Ashton Azadian, Outside Reporter

During Distance Learning last year, I wanted to find inspiring stories about Breaker alumni.  When searching for a person of interest, the name Paul Watford came up. He is one of LBHS’s most successful graduates. Watford played basketball for our school, back when we were known as the Artists. Not only was he a terrific basketball player at LBHS, but after he graduated, Watford went on to become one of the most important federal judges in the country. 

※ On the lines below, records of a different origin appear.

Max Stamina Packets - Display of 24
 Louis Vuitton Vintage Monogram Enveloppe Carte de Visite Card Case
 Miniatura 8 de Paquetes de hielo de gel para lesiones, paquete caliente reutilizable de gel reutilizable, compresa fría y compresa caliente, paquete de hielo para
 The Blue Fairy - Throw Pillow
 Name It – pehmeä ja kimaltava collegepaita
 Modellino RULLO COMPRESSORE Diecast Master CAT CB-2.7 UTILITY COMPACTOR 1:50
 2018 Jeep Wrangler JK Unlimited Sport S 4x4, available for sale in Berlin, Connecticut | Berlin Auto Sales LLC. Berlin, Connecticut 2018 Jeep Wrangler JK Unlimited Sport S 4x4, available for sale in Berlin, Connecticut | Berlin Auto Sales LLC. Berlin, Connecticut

Watford is a Judge with the United States Court of Appeals for the Ninth Circuit, which is the nation’s largest federal appeals court that covers California, including Laguna Beach. He has been identified as a potential United States Supreme Court nominee under President Obama and the Biden-Harris Administration. Following his graduation from LBHS in 1985, he went on to graduate from UC Berkeley and UCLA School of Law, turning down a college basketball scholarship offer to pursue academics. Once he completed law school, he served as a law clerk for Justice Ruth Bader Ginsburg on the United States Supreme Court. Judge Watford then served our country as a federal prosecutor in the Major Frauds Section of the U.S. Attorney’s Office here in Southern California, where he prosecuted a wide range of federal criminal cases. Following his service as a prosecutor, he joined a private law firm where he worked on appeals, and was one of the very best appellate lawyers in the country. President Obama then nominated Watford to serve our country as a federal judge, and his nomination was confirmed by the Senate. He currently serves in his lifetime role as a federal judge, while making time to serve as treasurer and board member of Neighborhood Legal Services of Los Angeles County, a nonprofit organization that provides “pro bono” legal services to the poor.  

(Depicted is Judge Watford on the 1984-1985 LBHS basketball team, left, and a more recent picture of him wearing his judicial robes inside one of his courtrooms, right.)

After reading about Judge Watford, I had the opportunity to speak with him earlier this year and learn more about this star LBHS alumnus.  His favorite memories from his time as a student at LBHS were playing basketball under Coach Faulkner, who was the LBHS basketball coach before Coach Fleming joined LBHS. Judge Watford also ran track his freshman year, but his real passion was basketball, so he decided to focus on that.  He was on the JV team the beginning of his sophomore year and then got promoted to Varsity the second half of that season, but he wasn’t a starter until the end of his junior year. He describes it as “the joy of playing basketball.” He played point guard. He would have preferred to be shooting guard.  Judge Watford’s LBHS basketball team even played a tournament in Hawaii. That Hawaii tournament stands out as a really great memory for Judge Watford because it was a great team bonding experience. He learned so many life lessons playing basketball: the need for discipline, putting in the hard work at something you are passionate about, the teamwork, and, as he put it, “you want to do everything you can to make each player the best they can be.”  

When asked if Judge Watford remembers any of his teachers who had a positive influence on him, he immediately recalled his English and writing teacher at LBHS named Mrs. Carson.  She taught him great writing skills, which became very important in Judge Watford’s chosen career as an attorney and then as a judge.  Judge Watford also shared why he wanted to become an attorney and judge; as an attorney, he wanted to help people solve their problems and, as a judge, he wants to help decide who is right in a dispute and help people to peacefully resolve their dispute, to give them a fair hearing, and to allow both sides to feel they got a fair hearing.  

The conversation with Judge Watford ended by asking if there is any advice he wishes he would have received while he was in high school. He did not hesitate in his response, stating that the most important advice any high school student should receive is to pursue your education and plan on attending college. He was more interested in pursuing a college education than playing basketball in college. Even though he got offered a scholarship to play basketball at Washington State (while a scout walked by and saw him shooting hoops at Main Beach), he instead decided to attend UC Berkeley to pursue his higher education. It is clear that this star LBHS alumnus made the right decision, serving as an inspiration to current and future generations of Breakers.